An Iranian photojournalist who was due to follow his ‘dream’ of working at a World Cup is reported to have been arrested and imprisoned in his home nation.      


It was reported that Arya Jafari may have been detained in order to stop pictures of protests which followed a young woman’s death in custody from being shared and released internationally.   


News of his arrest amid a crackdown on dissent by the country’s hardline clerical rulers was originally shared on Instagram by his friend and colleague, Amir Hosseini.    


The reason for the 34-year-old’s arrest is unclear but he was previously detained after protests in 2014 which were triggered by a spate of acid attacks against women.


The former kayaker for Iran’s national team had retweeted a picture of a protest on the streets of the country in his last post on the platform.
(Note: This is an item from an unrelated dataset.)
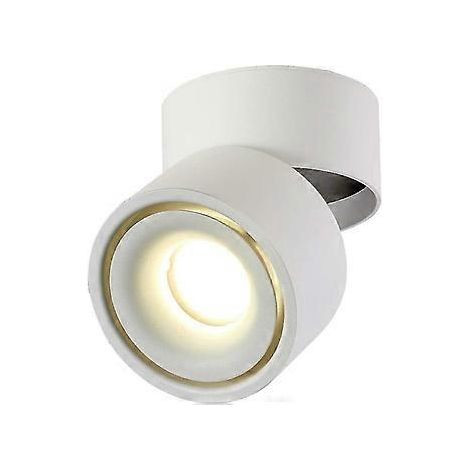 Spot LED de plafond 12 W, angle de lampe réglable, lampe spot, plafonnier, spots de plafond réglables, LED 10 x 10 x 10 cm (blanc - 4000 K) (1/4)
Saman Javadi, who runs social media channels dedicated to the Iranian football team, told that Mr Jafari was a professional photographer who had previously competed in slalom.     


Mr. Javadi, who lives in Italy, said: ‘He was supposed to work for the first time at a FIFA World Cup, as his friend and colleague Amir Hosseini has said on Instagram. He was arrested a few days after the death of Mahsa Amini, following the protests in the streets.


‘Personally, I don’t know the reason of his arrest, but he was previously arrested in 2014 during other protests in Iran.


‘It probably happened to prevent him from doing his work professionally; reporting the protests means that his pictures would be published outside of Iran. Have you seen video or pictures of protests from any reporter?


‘No, unfortunately, they have only been from social media so it’s very difficult to verify the source. Fact-checking is missing from the current protests in Iran, since journalists are not allowed to cover these events.’


On Instagram, Mr Hosseini described how the photojournalist had contacted him with ‘good news’, which turned out to be that he was due to travel to Qatar in time for the opening ceremony.


He wrote: ‘The good news was that after all these years of photography and effort, he was going to achieve his dream and go to the World Cup as a photographer. I was happy with all my heart that he was finally going to get what he deserves.’    


Mr Hosseini added: ‘He could have easily been in Qatar at the opening ceremony of the World Cup, like all the photographers in the world, recording the most important sports event in the world.     


‘But he gave up the World Cup to be with the people of his country.’ 


The Journalism is Not a Crime human rights group said that Mr. Jafari was arrested at his home on September 25 amid protests over the death of Mahsa Amini. She is said to have fallen into a coma while being detained by Iran’s morality police. Mr. Jafari, from the central city of Isfahan, is described as being ‘in prison’ on ‘unknown’ charges by the group.


The 22-year-old’s death for failing to wear her hijab properly sparked unprecedented protests across the country, with many women joining rallies despite an often violent response from the police. 


Weeks of demonstrations led to 32 journalists being arrested as of November 10, according to the International Federation of Journalists.